REITs and InvITs are a hassle-free and straightforward way of investing in real estate. You can benefit from the growth of real estate assets without incurring the high costs of acquiring real estate ownership. Simply put, it is like holding real estate in your demat.
InvITs and REITs are attractive to retail investors, HNIs and also retired individuals who are looking for a steady source of income. Moreover, REITs are obligated to distribute the majority of their revenues to investors, and they can serve as a reliable source of steady income, similar to debt funds.
Choosing between the two largely depends on your investment objective and risk tolerance levels. To elaborate, REITs are more liquid since they have lower unit prices and small trading quantities.

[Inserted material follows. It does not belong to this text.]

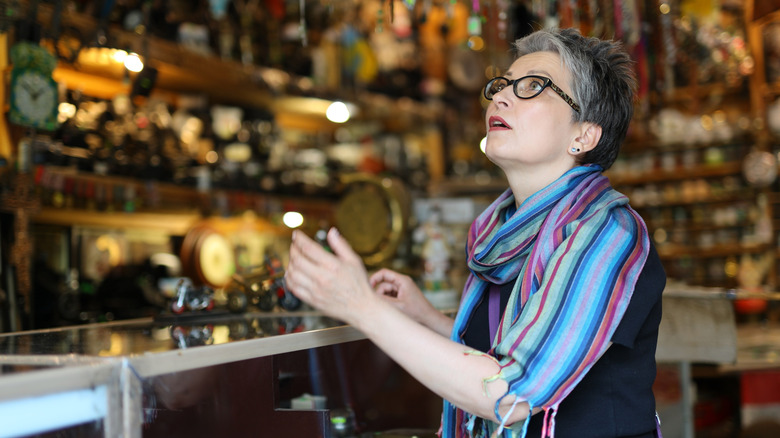 Một người phụ nữ lớn tuổi nhìn thấy thứ gì đó ở cửa hàng đồ cổ đầy màu sắc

While InvITs are slightly less liquid than REITs. Furthermore, InvITs are more prone to political and regulatory risks than REITs. Thus, REITs are slightly safer investment options for investors.
REIT or InvIT, remember to analyze them using ratings from independent agencies that score these trusts based on the quality of their assets, cash flows, and other aspects. Additionally, because these investment vehicles are more complicated to grasp than typical mutual funds, you should get expert advice prior to making an investment decision.